# AIM OF THE TASK:
Starting at the line below holding "8 in. Widespread" and stopping at the line holding "Typography design Motivational Grocery Bag", print every line exactly, both ends included, and leave the rest out.

# DATA FOR THIS TASK:
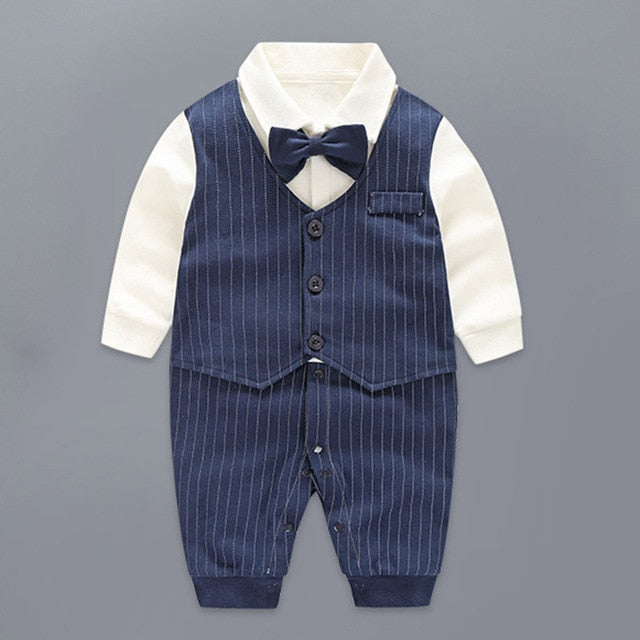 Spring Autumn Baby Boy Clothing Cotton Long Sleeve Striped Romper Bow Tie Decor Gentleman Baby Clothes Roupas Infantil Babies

--

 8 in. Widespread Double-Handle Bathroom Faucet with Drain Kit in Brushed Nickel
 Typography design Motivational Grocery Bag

# OUTPUT OF THE EXERCISE:
 8 in. Widespread Double-Handle Bathroom Faucet with Drain Kit in Brushed Nickel
 Typography design Motivational Grocery Bag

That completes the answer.